Max Sette - "O que passou"

O que era para ser uma parceria com o grande baterista Wilson das Neves acabou se transformando no segundo disco de Max Sette, O que passou. Explico. Max tinha a vontade de fazer um segundo disco, Wilson tinha várias melodias prontas, mas pensou que não teria tempo para seguir em turnê com Max e pediu para que o disco, ao invés de levar o nome “Max Sette e Wilson das Neves”, (na verdade o disco se chamaria Na Dividida) ganhasse um “participação especial”.

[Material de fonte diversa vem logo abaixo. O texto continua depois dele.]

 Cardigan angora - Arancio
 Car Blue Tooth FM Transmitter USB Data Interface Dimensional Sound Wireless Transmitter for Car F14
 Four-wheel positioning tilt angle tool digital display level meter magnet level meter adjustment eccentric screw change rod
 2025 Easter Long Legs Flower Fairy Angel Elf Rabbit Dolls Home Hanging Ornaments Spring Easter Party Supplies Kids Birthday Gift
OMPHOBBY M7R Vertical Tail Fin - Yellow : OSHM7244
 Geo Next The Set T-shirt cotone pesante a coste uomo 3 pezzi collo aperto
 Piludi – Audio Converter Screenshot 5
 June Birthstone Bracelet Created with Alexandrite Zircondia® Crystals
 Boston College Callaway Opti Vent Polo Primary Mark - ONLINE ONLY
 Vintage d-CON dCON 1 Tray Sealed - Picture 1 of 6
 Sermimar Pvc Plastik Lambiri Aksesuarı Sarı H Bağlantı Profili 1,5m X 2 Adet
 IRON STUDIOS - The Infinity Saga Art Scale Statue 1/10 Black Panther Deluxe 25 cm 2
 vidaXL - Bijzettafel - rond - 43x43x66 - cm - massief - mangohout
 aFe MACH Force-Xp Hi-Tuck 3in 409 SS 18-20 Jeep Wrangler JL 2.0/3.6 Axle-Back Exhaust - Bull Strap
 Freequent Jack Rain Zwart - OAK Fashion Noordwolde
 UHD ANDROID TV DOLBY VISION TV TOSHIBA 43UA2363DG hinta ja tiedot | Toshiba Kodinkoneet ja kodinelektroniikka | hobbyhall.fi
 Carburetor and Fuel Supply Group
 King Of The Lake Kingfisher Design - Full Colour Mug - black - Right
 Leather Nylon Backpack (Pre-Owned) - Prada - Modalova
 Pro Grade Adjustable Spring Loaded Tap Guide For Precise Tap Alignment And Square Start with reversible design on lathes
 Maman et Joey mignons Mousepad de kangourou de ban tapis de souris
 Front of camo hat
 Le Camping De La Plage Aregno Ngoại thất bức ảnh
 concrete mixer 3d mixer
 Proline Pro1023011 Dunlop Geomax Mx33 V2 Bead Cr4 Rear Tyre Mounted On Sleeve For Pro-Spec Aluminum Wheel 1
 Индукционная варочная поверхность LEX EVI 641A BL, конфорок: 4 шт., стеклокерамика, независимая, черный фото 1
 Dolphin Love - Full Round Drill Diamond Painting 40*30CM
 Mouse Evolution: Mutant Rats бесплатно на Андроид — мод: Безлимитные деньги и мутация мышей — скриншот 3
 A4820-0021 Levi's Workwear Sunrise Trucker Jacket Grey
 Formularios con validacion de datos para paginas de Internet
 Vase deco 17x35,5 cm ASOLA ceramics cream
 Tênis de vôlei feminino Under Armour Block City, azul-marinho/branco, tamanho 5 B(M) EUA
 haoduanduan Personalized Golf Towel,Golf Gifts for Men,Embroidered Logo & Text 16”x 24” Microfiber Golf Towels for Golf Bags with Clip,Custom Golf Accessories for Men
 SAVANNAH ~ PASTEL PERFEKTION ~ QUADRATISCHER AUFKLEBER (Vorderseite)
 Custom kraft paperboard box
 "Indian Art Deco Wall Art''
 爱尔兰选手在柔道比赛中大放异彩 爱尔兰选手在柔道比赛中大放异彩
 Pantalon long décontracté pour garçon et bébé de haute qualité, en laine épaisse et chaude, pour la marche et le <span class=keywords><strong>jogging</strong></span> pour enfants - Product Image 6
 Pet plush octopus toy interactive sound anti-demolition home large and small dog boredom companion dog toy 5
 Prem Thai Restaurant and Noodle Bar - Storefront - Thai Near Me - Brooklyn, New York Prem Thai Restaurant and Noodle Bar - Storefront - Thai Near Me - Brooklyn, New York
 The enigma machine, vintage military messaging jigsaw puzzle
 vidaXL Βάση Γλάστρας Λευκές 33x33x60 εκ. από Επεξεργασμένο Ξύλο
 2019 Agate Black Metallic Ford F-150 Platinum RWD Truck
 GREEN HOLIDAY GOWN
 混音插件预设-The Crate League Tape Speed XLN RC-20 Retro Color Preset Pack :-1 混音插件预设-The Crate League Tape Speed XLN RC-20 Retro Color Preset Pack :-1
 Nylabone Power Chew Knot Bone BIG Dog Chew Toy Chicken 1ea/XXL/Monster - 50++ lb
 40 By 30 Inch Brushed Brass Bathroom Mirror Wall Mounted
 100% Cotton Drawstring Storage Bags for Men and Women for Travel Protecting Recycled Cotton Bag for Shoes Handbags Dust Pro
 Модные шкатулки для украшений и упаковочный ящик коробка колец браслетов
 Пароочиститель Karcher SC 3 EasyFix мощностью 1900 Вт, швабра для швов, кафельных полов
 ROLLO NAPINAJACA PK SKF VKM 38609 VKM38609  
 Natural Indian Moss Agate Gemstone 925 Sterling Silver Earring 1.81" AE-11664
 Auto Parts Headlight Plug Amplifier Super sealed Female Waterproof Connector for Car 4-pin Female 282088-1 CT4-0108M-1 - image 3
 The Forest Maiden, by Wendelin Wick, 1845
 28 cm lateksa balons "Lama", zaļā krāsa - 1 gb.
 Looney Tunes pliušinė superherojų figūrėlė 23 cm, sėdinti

Das 10 faixas do disco, 5 são parceria com Wilson. Mas também tem espaço para outros parceiros, como César Bodão (da Orquestra Imperial), Fábio Vasconcelos, Marcelo Camelo e Helena Ranaldi (com quem é casado e que ganhou uma bela música em sua homenagem “Helena...Helena").

Cheio de sambas espertos e perfeitos para qualquer gafieira do Rio de Janeiro, O que se passou combina muito bem com o trompetista. Isso para quem já ouviu o primeiro disco de Max, Parábolas ao Vento (2007) e sabe que o também cantor e compositor tem um pé na Orquestra Imperial (bem como Wilson das Neves).

É notável a melhor desenvoltura de Sette e a melhor gravação de O que passou. Destaco “Vai rolar” e “Na dividida” com Das Neves, “O que passou” com Helena Ranaldi e a que considero a melhor do disco “Ido Embora” com Camelo.